Every line from the one holding "Stone Crystal Brass Chandelier-DWHOME" to the end of the entries should be repeated exactly, with the pictures left out.

:: GIVEN ENTRIES ::

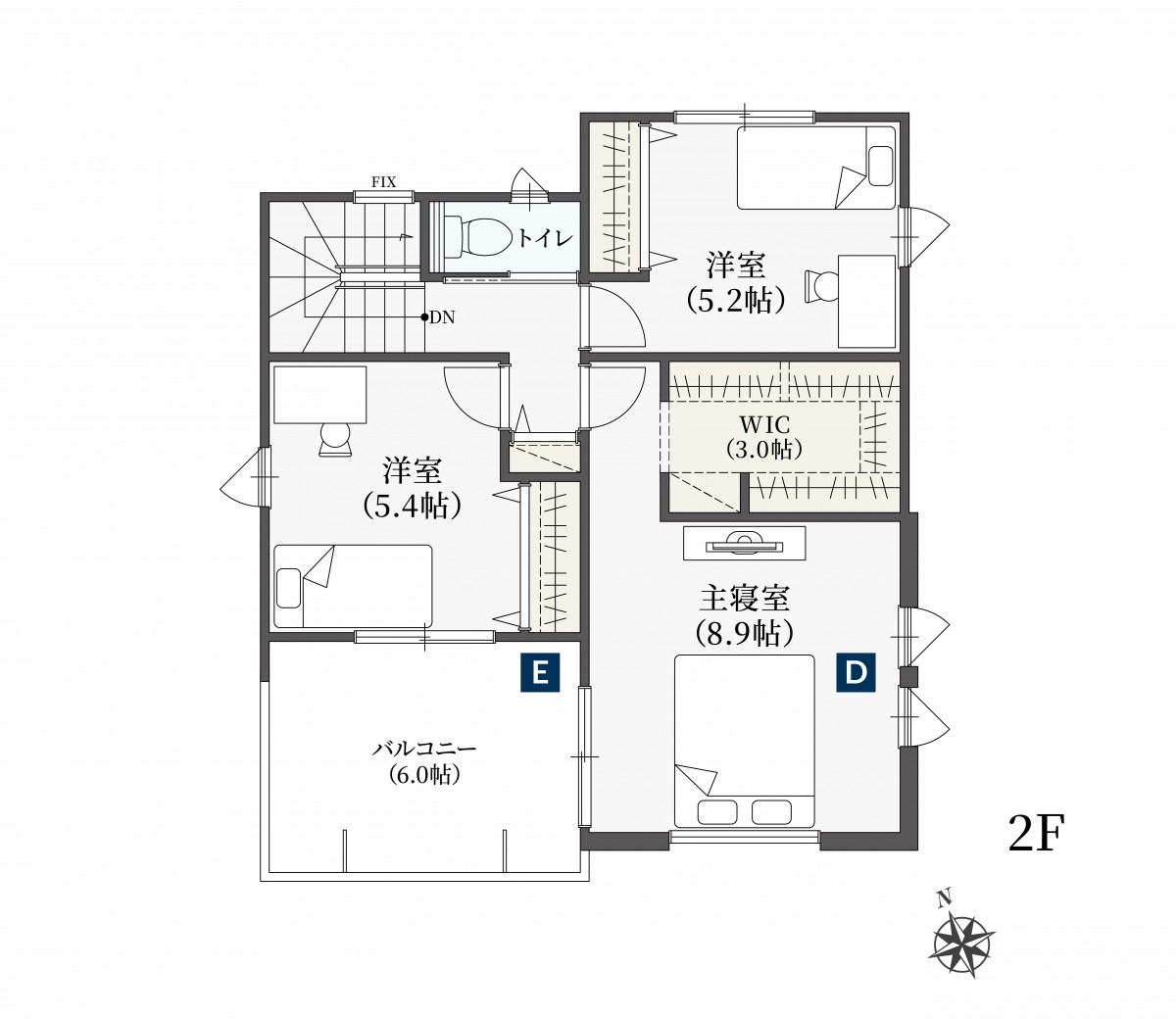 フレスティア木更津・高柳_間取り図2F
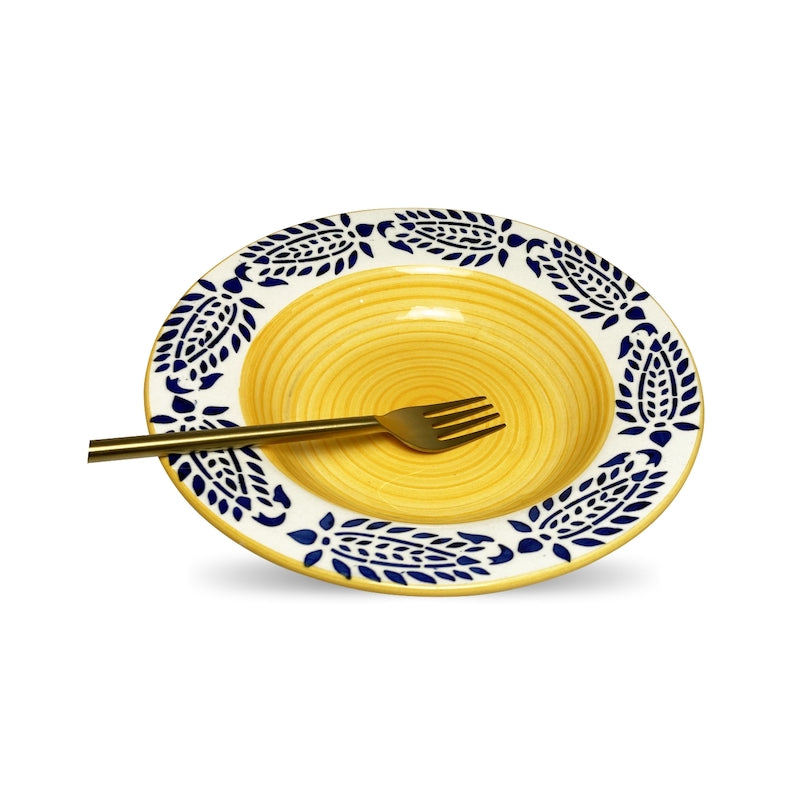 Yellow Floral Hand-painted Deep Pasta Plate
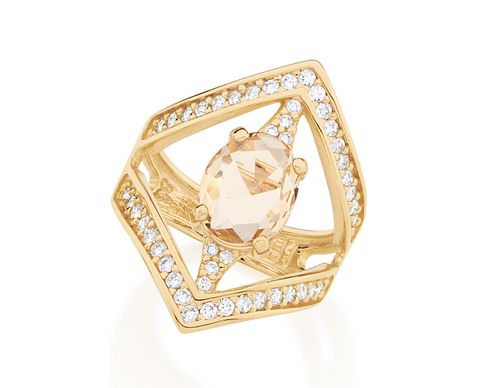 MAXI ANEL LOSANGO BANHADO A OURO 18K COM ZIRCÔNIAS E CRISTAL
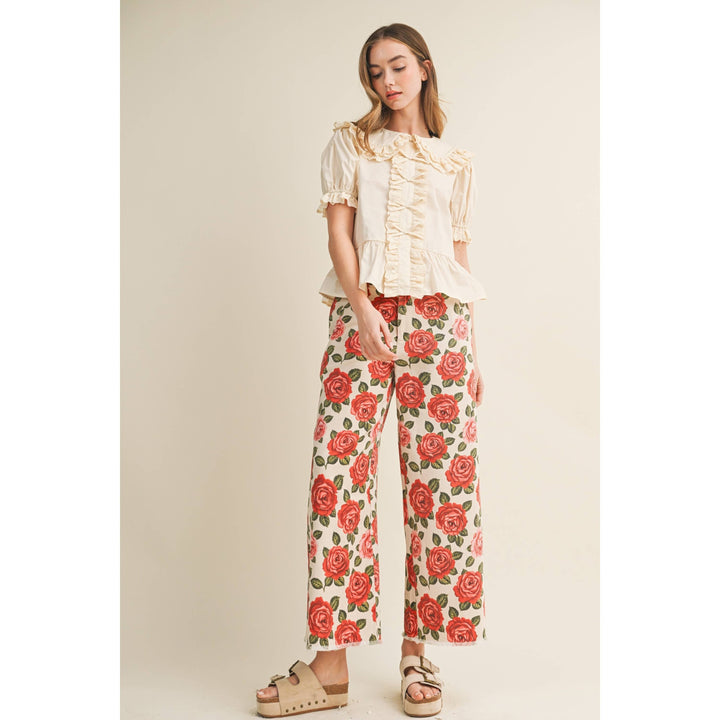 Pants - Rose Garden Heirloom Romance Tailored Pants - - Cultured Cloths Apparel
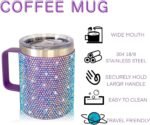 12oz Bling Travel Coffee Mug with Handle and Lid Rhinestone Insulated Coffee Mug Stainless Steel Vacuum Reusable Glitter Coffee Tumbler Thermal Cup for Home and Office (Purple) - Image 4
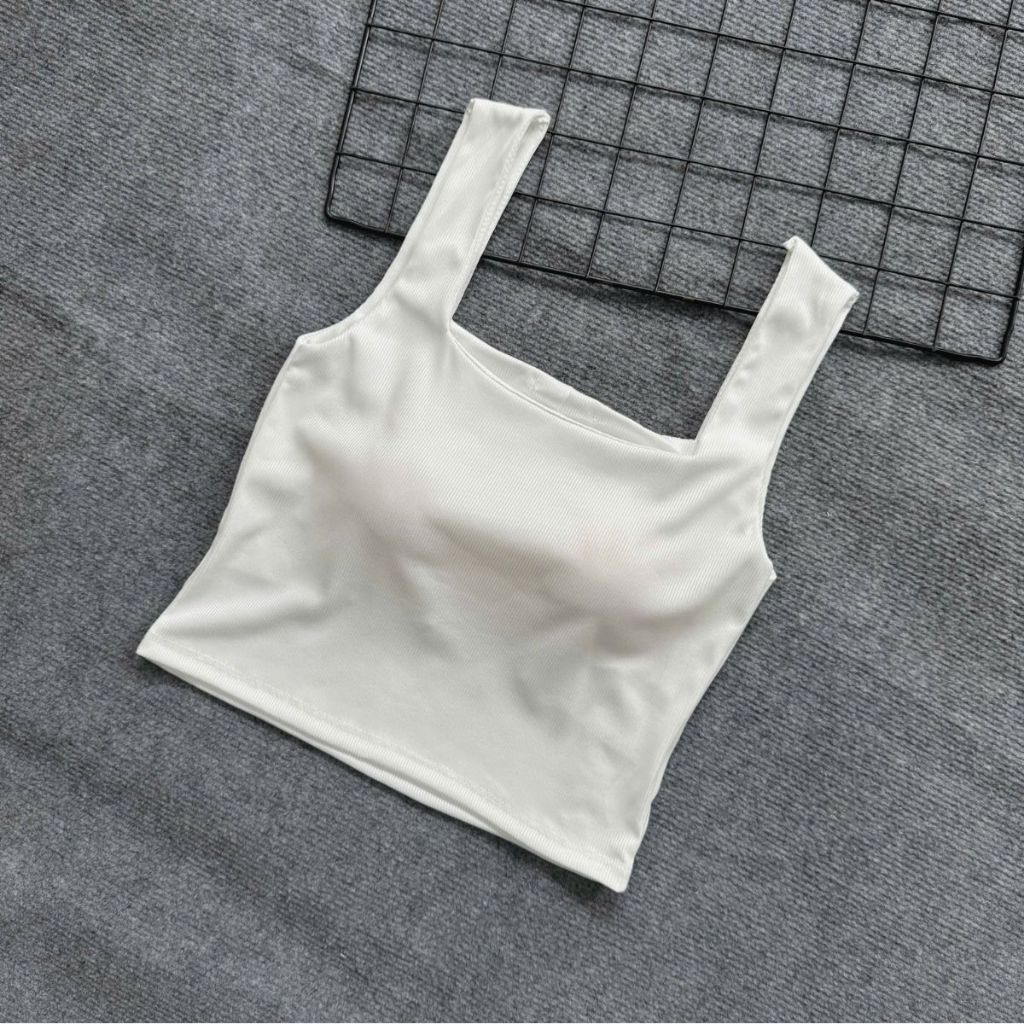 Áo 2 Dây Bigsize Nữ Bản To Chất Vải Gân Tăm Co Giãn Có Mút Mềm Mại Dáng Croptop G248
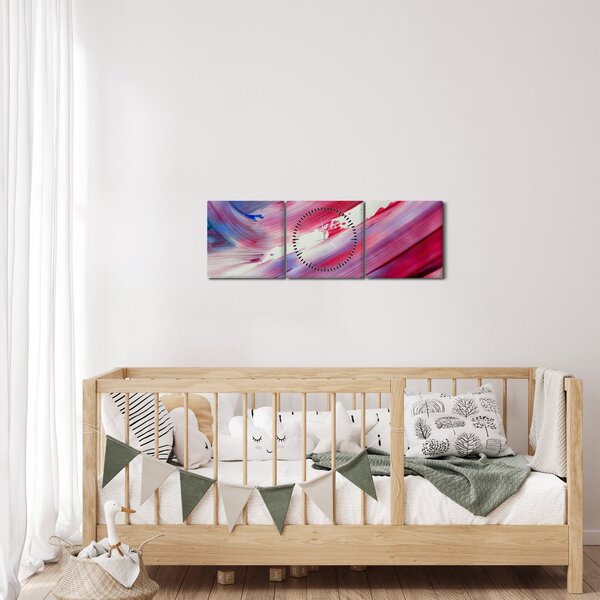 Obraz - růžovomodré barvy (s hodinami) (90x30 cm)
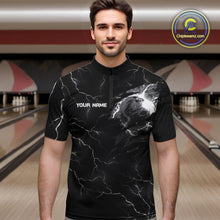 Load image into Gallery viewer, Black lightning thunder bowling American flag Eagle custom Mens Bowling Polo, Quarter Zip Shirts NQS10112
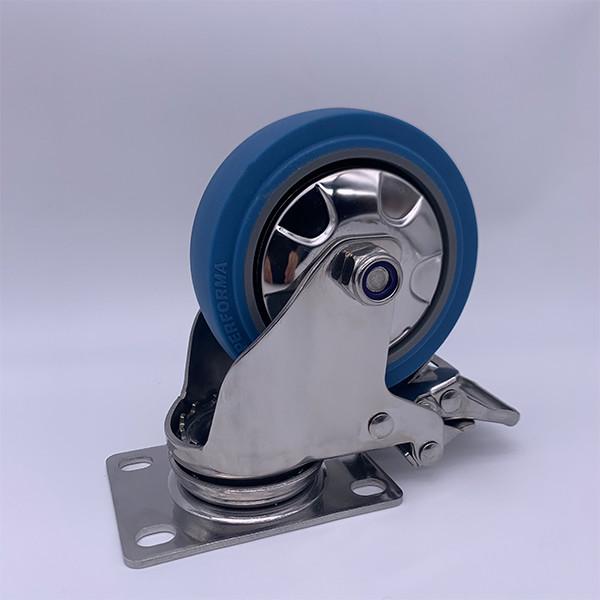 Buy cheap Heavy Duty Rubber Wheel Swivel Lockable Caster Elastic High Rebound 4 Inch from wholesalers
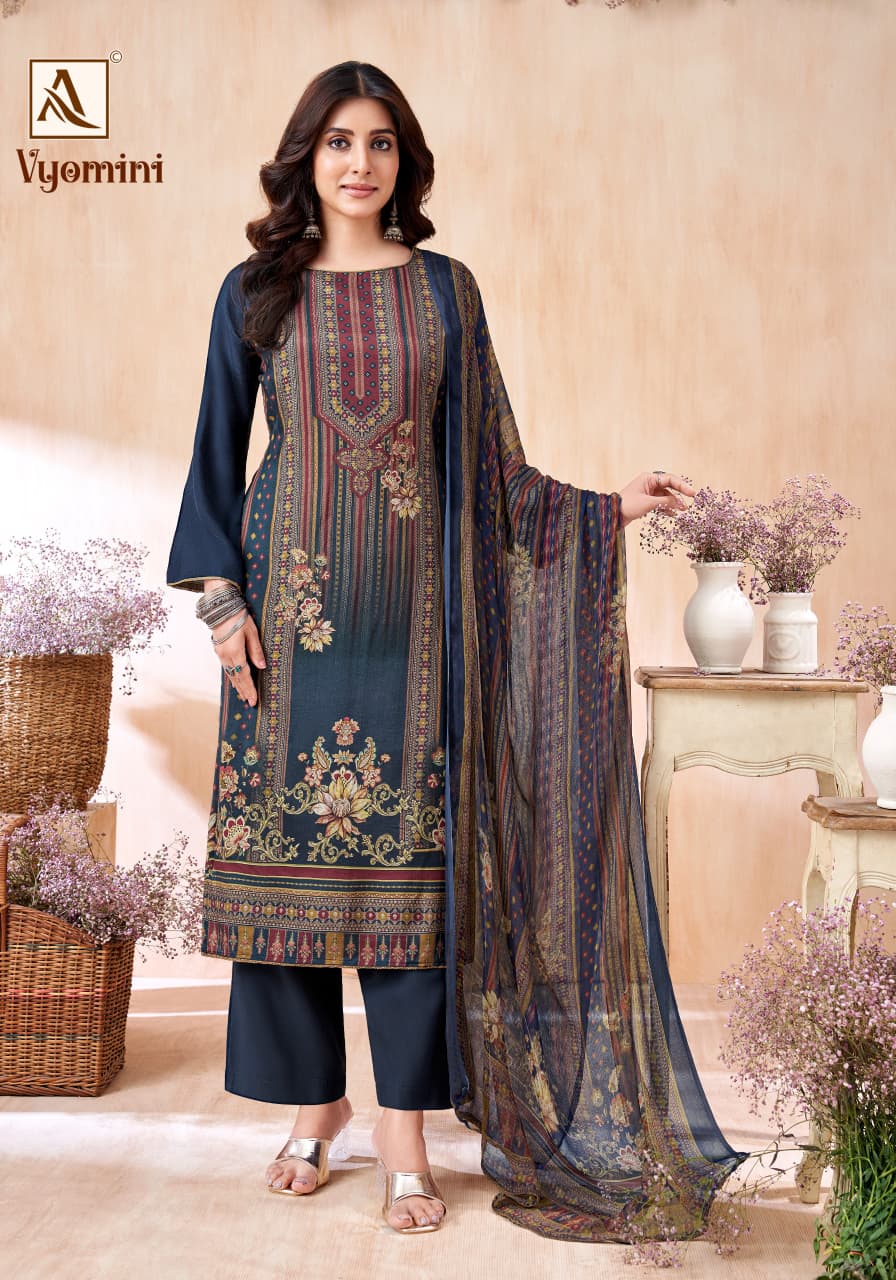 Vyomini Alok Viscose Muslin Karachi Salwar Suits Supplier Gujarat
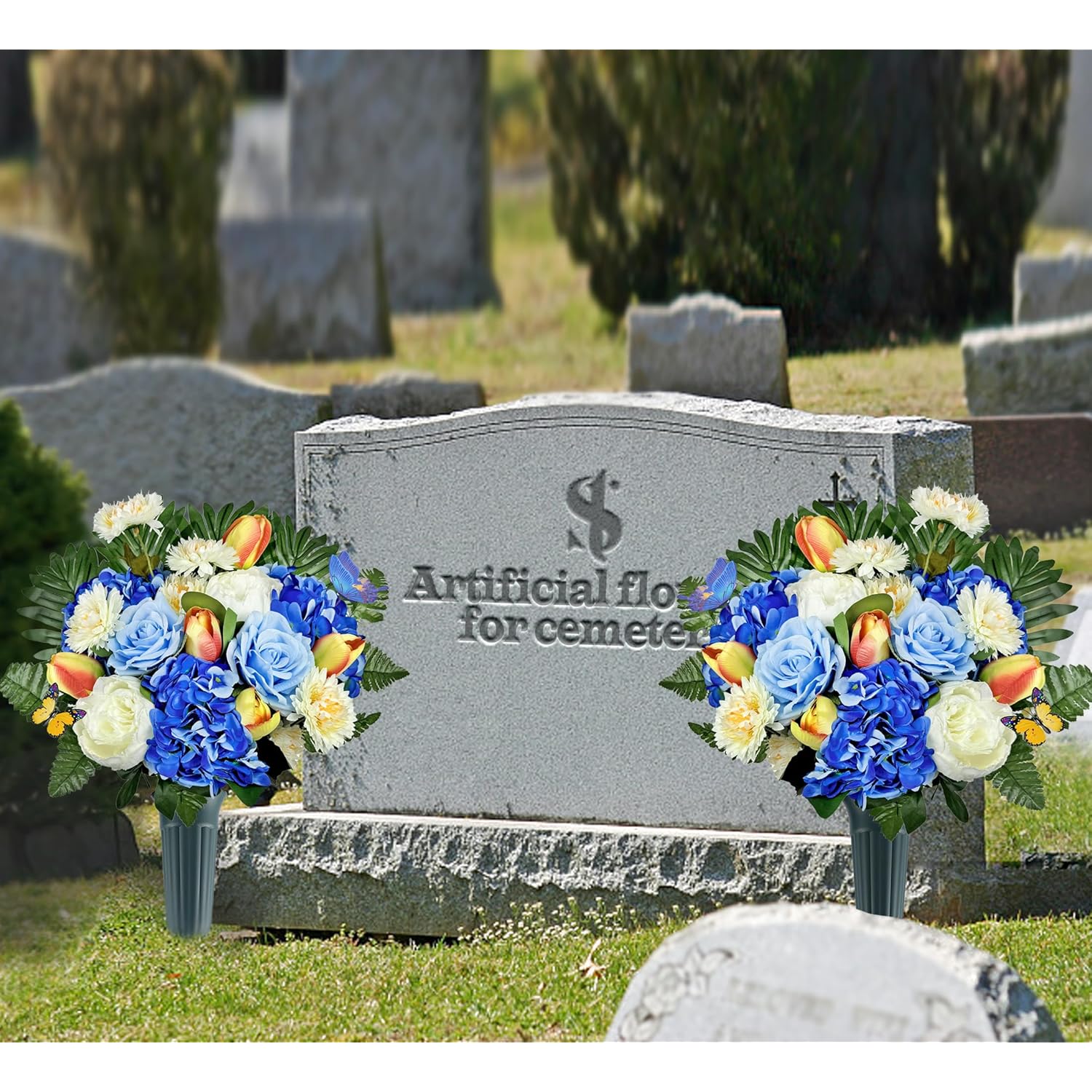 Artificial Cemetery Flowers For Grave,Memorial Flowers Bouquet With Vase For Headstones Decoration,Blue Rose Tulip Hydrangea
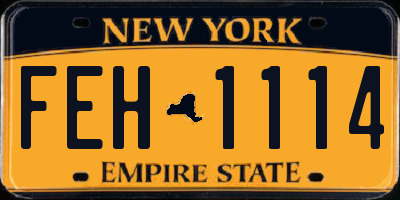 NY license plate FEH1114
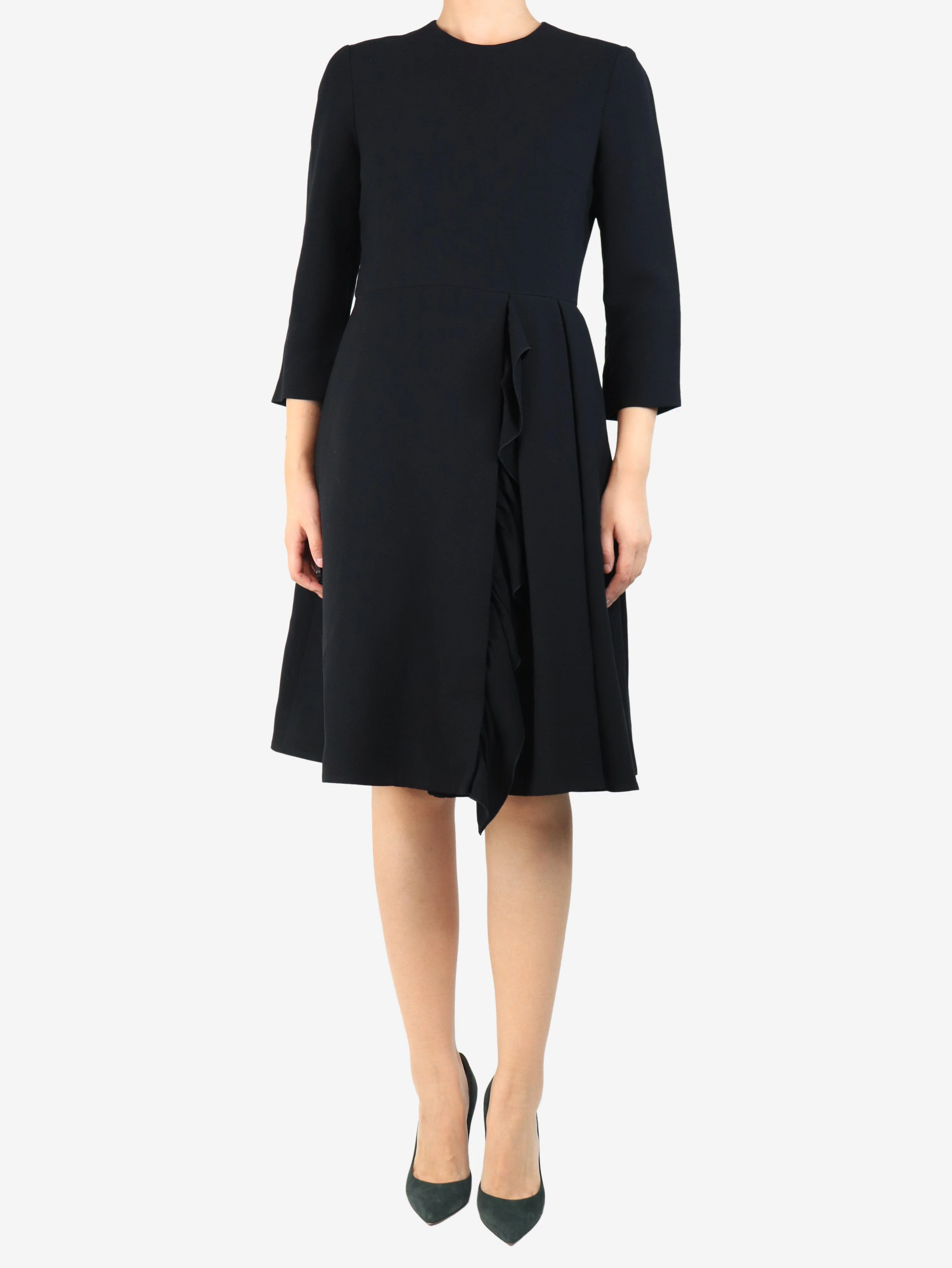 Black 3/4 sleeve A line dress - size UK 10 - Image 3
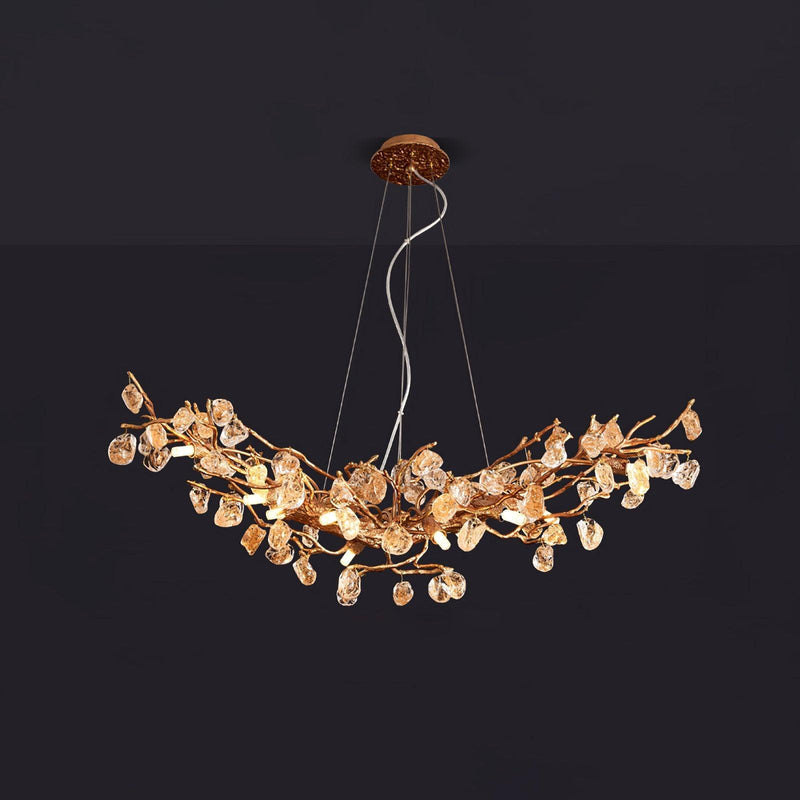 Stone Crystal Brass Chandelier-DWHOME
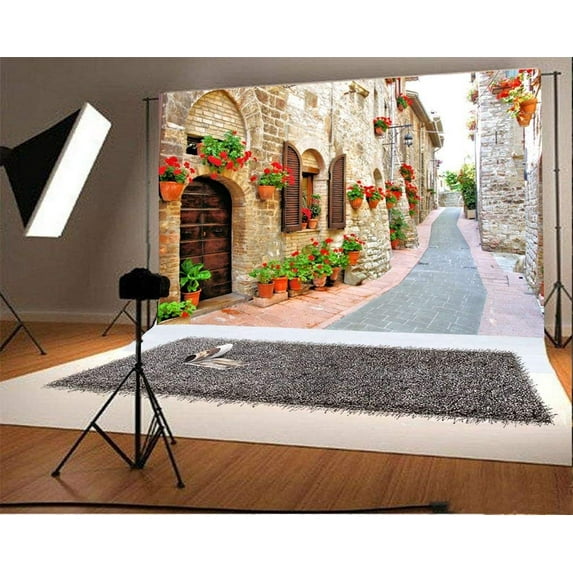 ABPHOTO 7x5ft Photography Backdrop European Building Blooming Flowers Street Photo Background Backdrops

:::

(OUTPUT OF THE EXERCISE):
 Stone Crystal Brass Chandelier-DWHOME
 ABPHOTO 7x5ft Photography Backdrop European Building Blooming Flowers Street Photo Background Backdrops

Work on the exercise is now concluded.